[Opening Task material section]

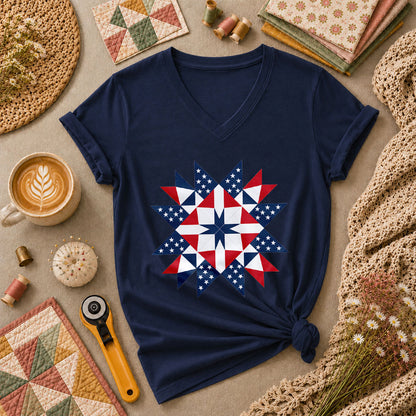 Patriotic American Flag Quilt Star Red White Blue Women's V-Neck - Navy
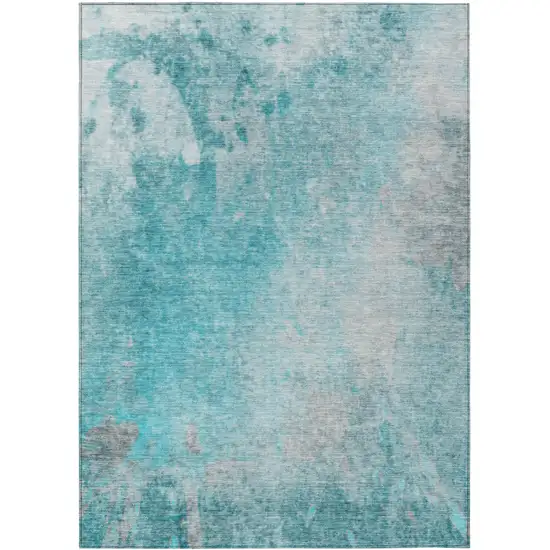 3' X 4' Teal Abstract Washable Non Skid Indoor Outdoor Area Rug Photo 2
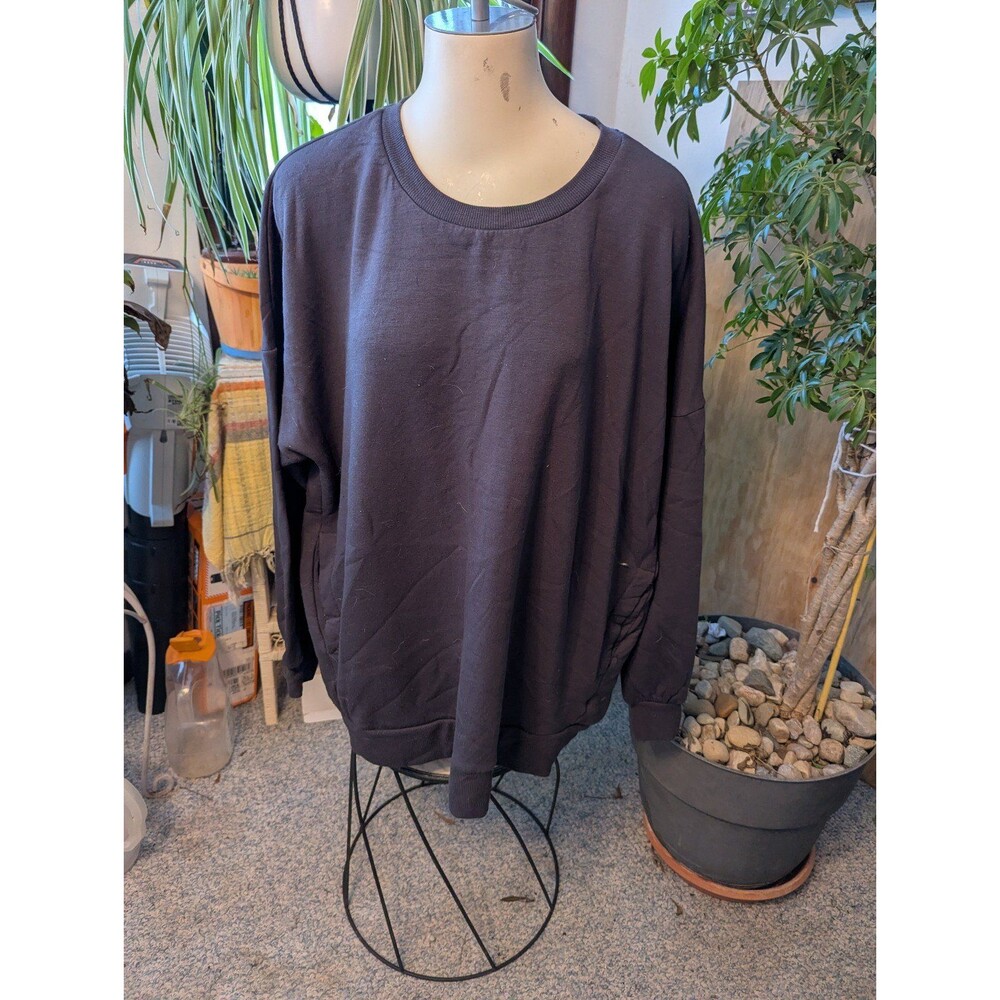 Plus size Zanzea black poly rayon blend sweatshirt sideseam pockets sz 2x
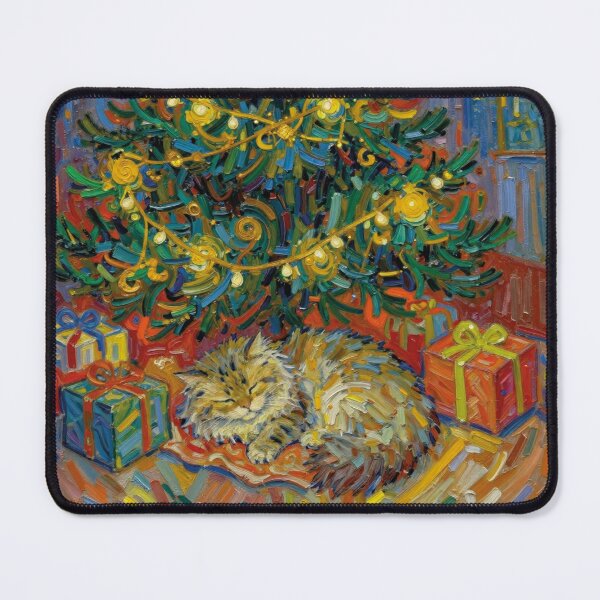Item preview, Van Gogh Style Sleeping Christmas Cat Under Tree Oil Painting designed and sold by WildArtIT.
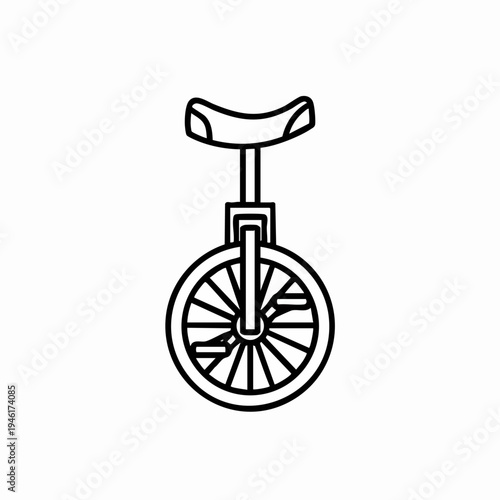 Simple Line Art Illustration of a Unicycle.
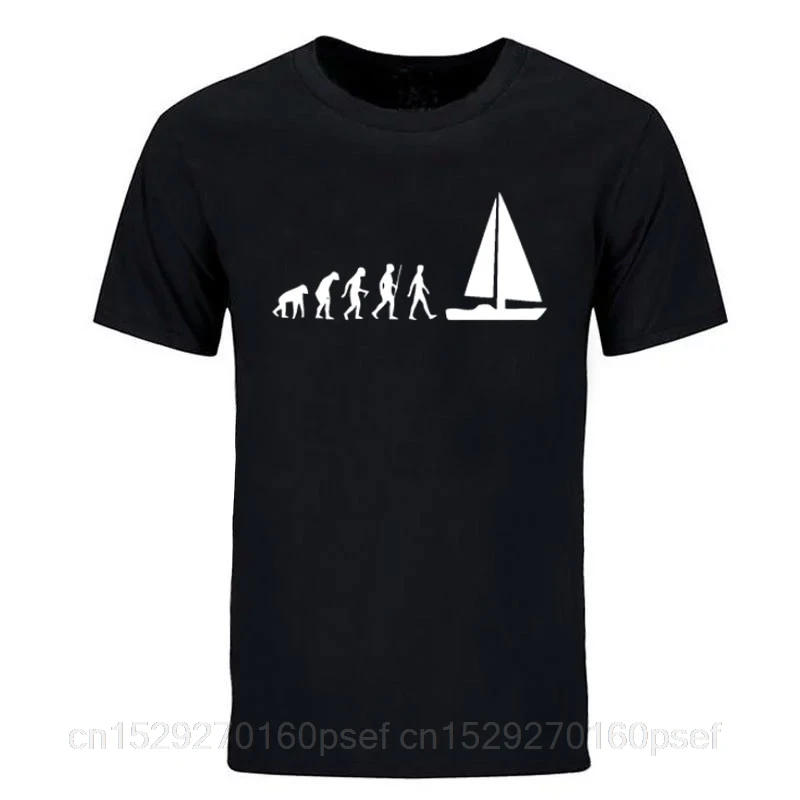

2020 модная мужская футболка с парусной лодкой, летняя Стильная хлопковая футболка с коротким рукавом, забавная футболка, мужские топы, одежд...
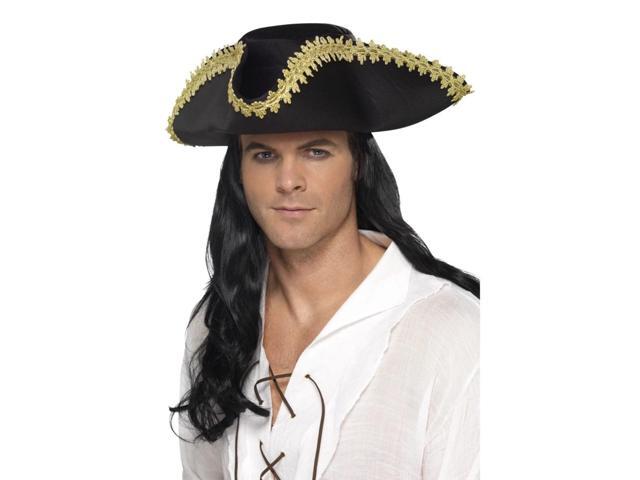 40' Black and Gold Pirate Men Adult Halloween Hat Costume Accessory - One Size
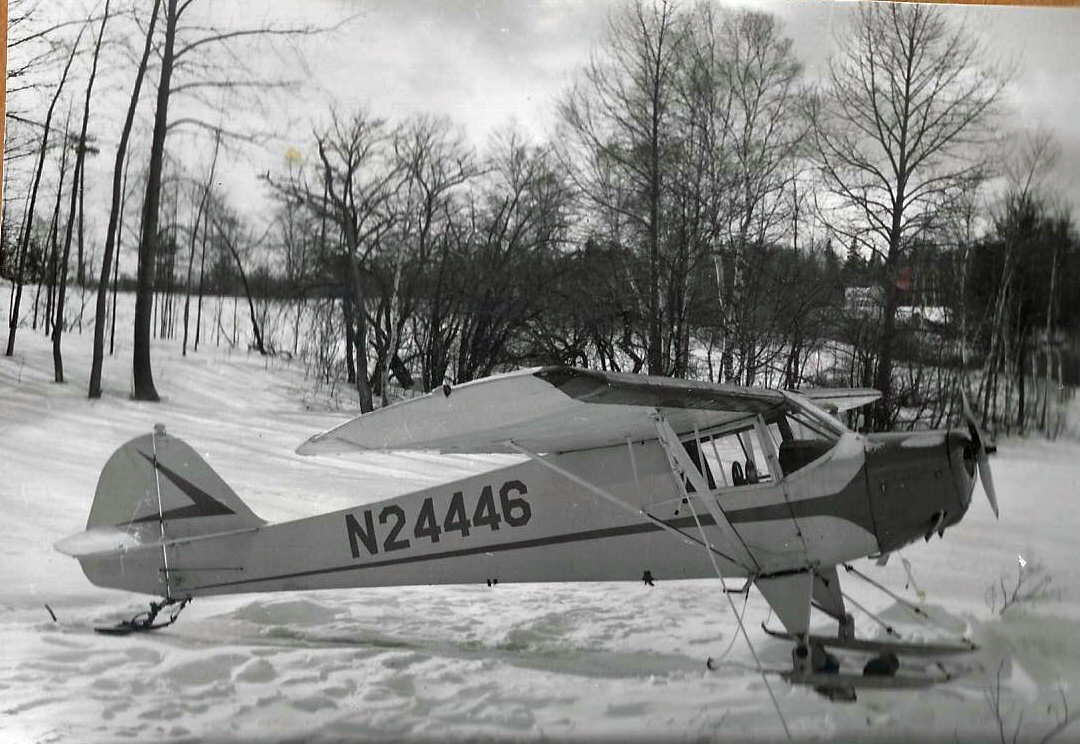 The sweet old Taylorcraft BC-85D (BC-65 with a C-85 engine) from the leading photo that Jake cut his teeth on as a pilot.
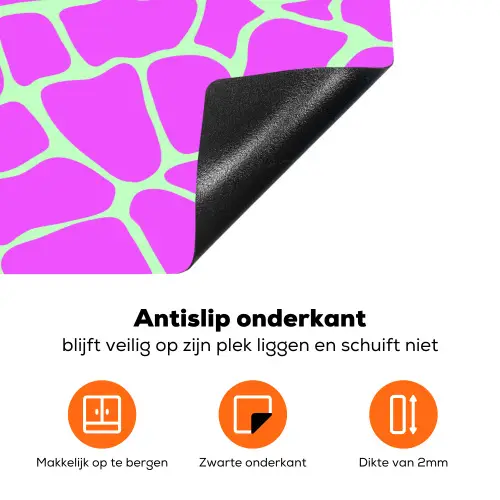 Mintgroen - Roze - Vlekken - Patroon Inductie beschermer vinyl 3mm klein 276 -zzzzzzz-td-onderkant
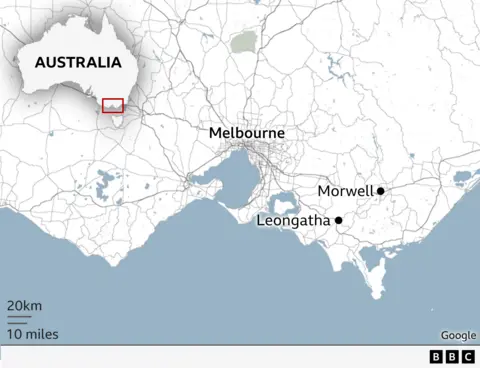 Map of southern Australia showing Morwell to the south-east of Melbourne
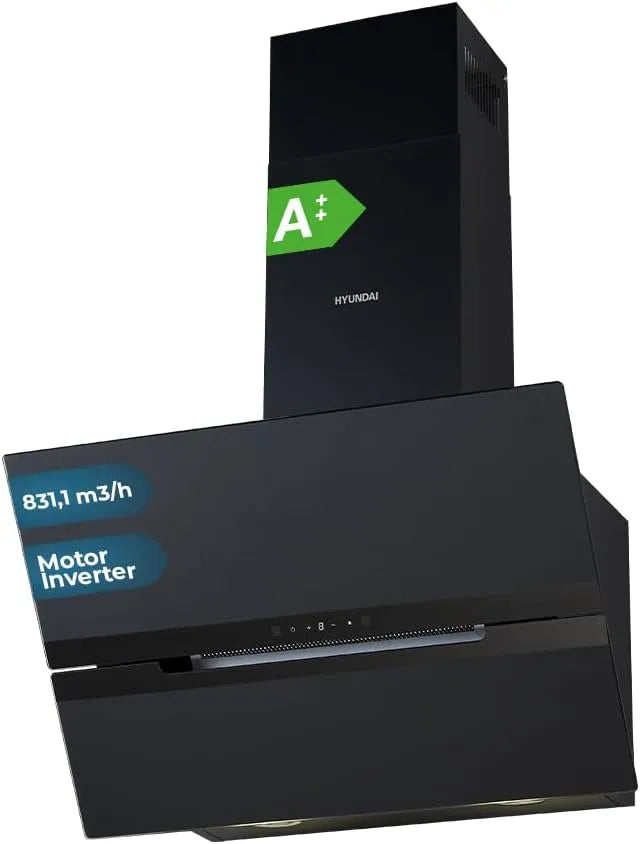HCDE60DCB00 afzuigkap, 831 m3/h, 64 dB, 60 cm, 3 snelheden, Hyundai decoratieve, zwart glas, touch-bediening, vaatwasmachinebestendige filter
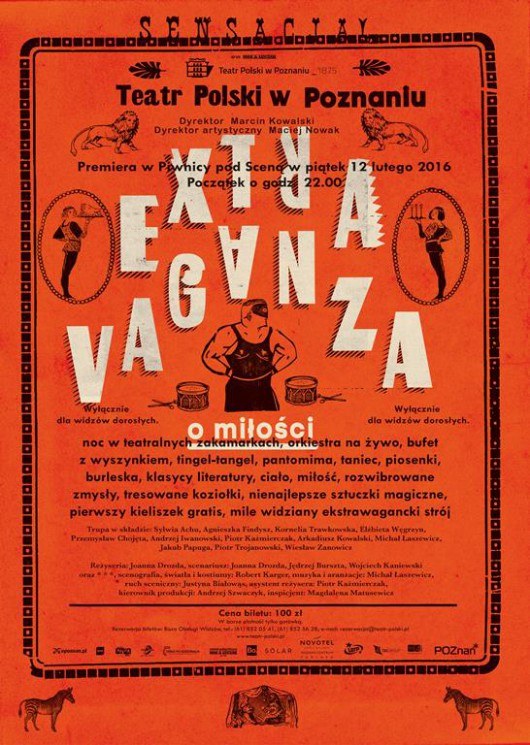 „Extravaganza o miłości”, reż. Joanna Drozda, plakat (źródło: materiały organizatora) 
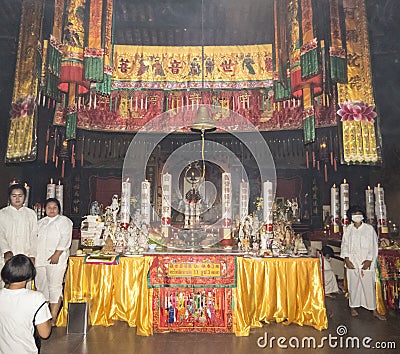 Tempat Suci kiw-Ong-Ea Temple, Trang, Thailand / vegetarian chinese festival Editorial Stock Photo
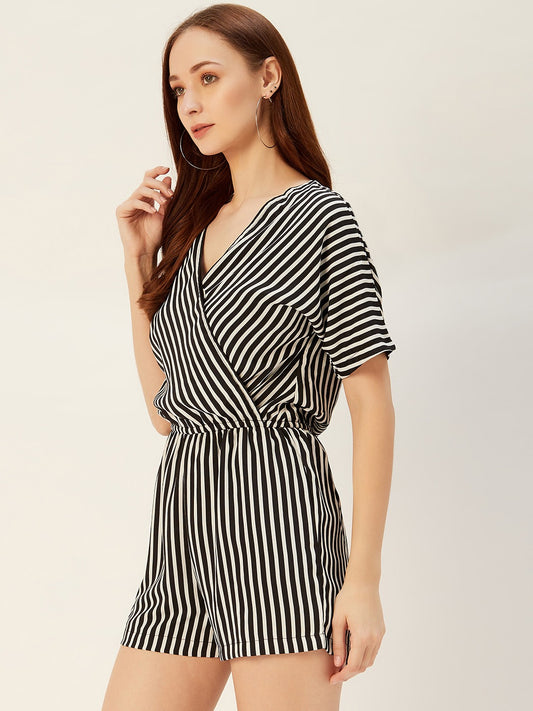 Striped overlap neck Jumpsuit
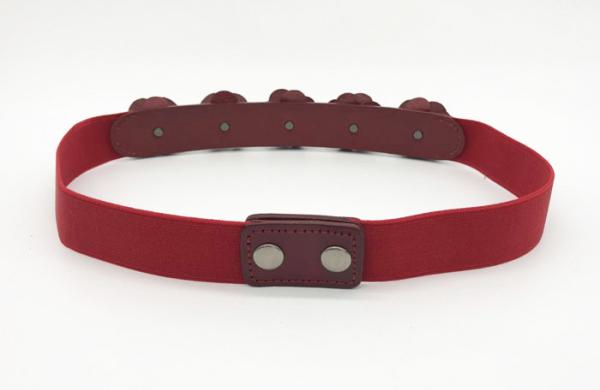 Elastic Women'S Fashion Leather Belts , Flower Type Ladies Elastic Belts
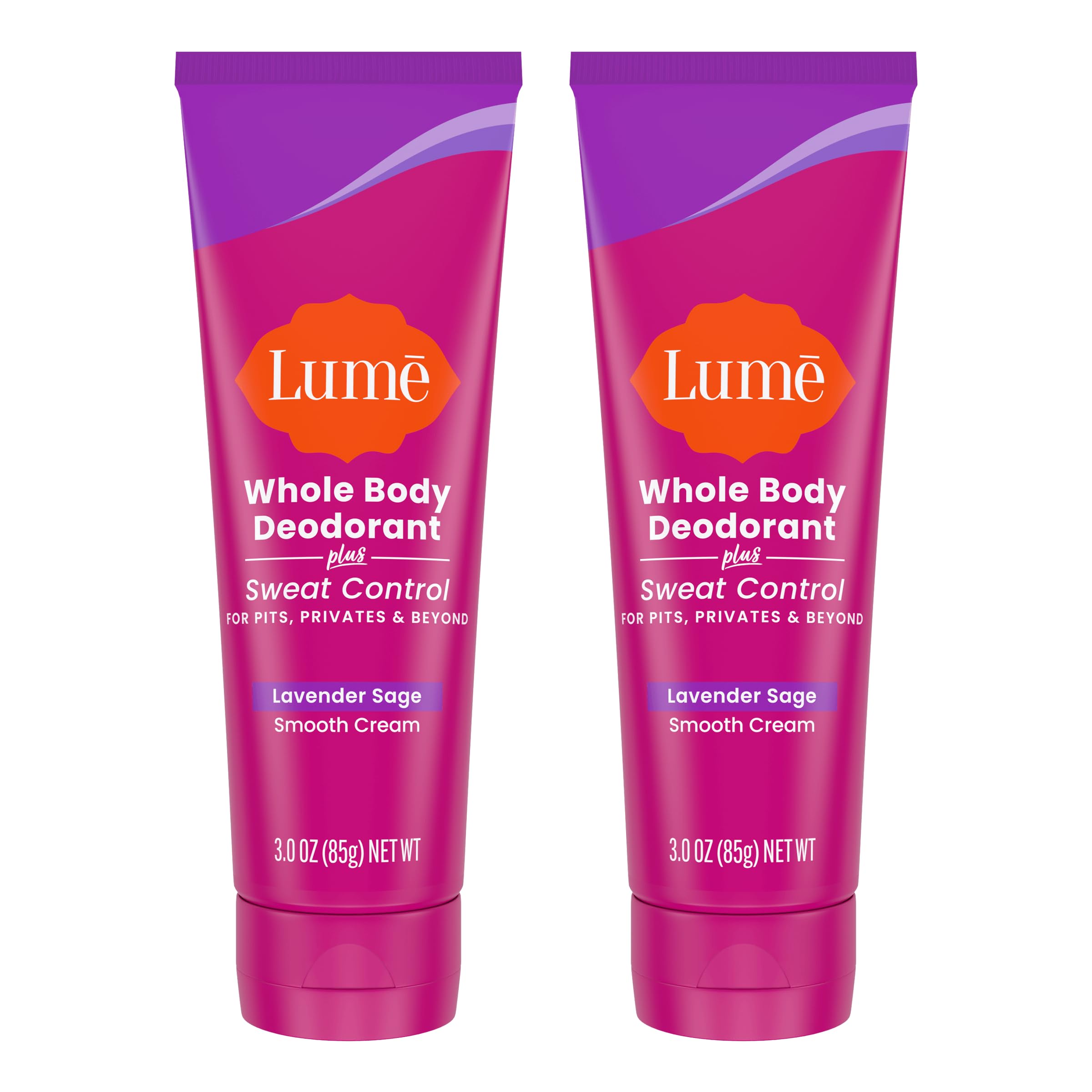 Lume Whole Body Deodorant Plus Sweat Control - Smooth Cream Tube - 72 Hour Odor And Sweat Control - Baking Soda Free, Skin Loving - 3.0 ounce (Pack of 2) (Lavender Sage)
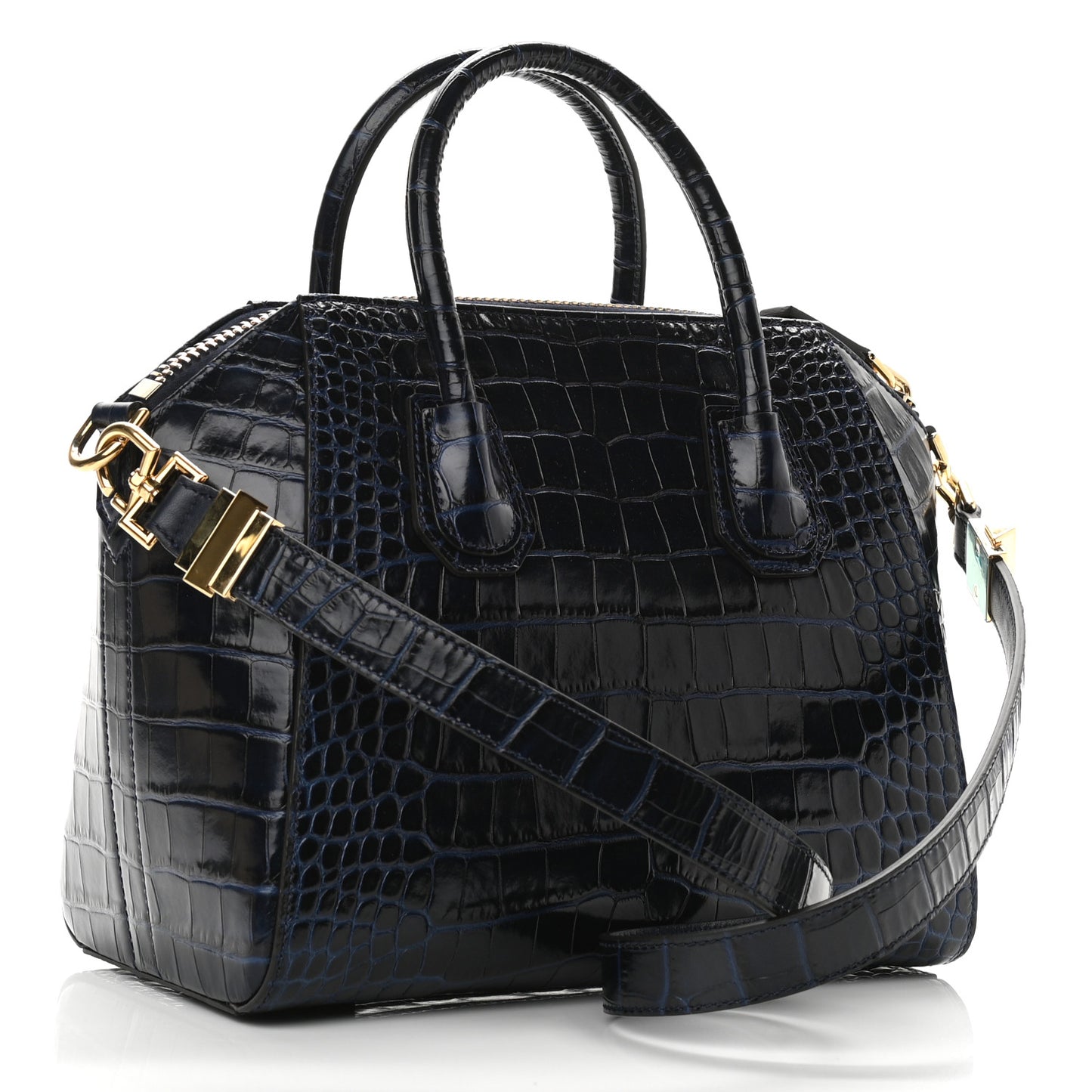 Calfskin Crocodile Embossed Small Antigona Navy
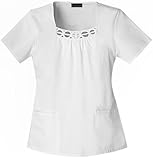 Cherokee Square Neck White Scrub Top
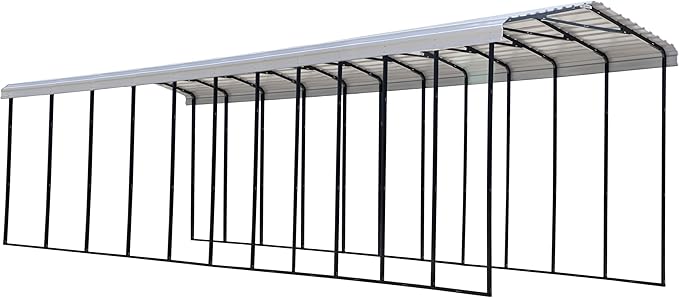 Arrow Carports Galvanized Steel Carport, RV Metal Carport Kit, 14' x 51' x 14', Eggshell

[Closing Task material section]

Exercise >>
Each entry above is to be written out exactly. The pictures stay out.

Result of this exercise >>
 Patriotic American Flag Quilt Star Red White Blue Women's V-Neck - Navy
 3' X 4' Teal Abstract Washable Non Skid Indoor Outdoor Area Rug Photo 2
 Plus size Zanzea black poly rayon blend sweatshirt sideseam pockets sz 2x
Item preview, Van Gogh Style Sleeping Christmas Cat Under Tree Oil Painting designed and sold by WildArtIT.
 Simple Line Art Illustration of a Unicycle.

2020 модная мужская футболка с парусной лодкой, летняя Стильная хлопковая футболка с коротким рукавом, забавная футболка, мужские топы, одежд...
 40' Black and Gold Pirate Men Adult Halloween Hat Costume Accessory - One Size
 The sweet old Taylorcraft BC-85D (BC-65 with a C-85 engine) from the leading photo that Jake cut his teeth on as a pilot.
 Mintgroen - Roze - Vlekken - Patroon Inductie beschermer vinyl 3mm klein 276 -zzzzzzz-td-onderkant
 Map of southern Australia showing Morwell to the south-east of Melbourne
HCDE60DCB00 afzuigkap, 831 m3/h, 64 dB, 60 cm, 3 snelheden, Hyundai decoratieve, zwart glas, touch-bediening, vaatwasmachinebestendige filter
 „Extravaganza o miłości”, reż. Joanna Drozda, plakat (źródło: materiały organizatora) 
 Tempat Suci kiw-Ong-Ea Temple, Trang, Thailand / vegetarian chinese festival Editorial Stock Photo
 Striped overlap neck Jumpsuit
 Elastic Women'S Fashion Leather Belts , Flower Type Ladies Elastic Belts
 Lume Whole Body Deodorant Plus Sweat Control - Smooth Cream Tube - 72 Hour Odor And Sweat Control - Baking Soda Free, Skin Loving - 3.0 ounce (Pack of 2) (Lavender Sage)
 Calfskin Crocodile Embossed Small Antigona Navy
 Cherokee Square Neck White Scrub Top
 Arrow Carports Galvanized Steel Carport, RV Metal Carport Kit, 14' x 51' x 14', Eggshell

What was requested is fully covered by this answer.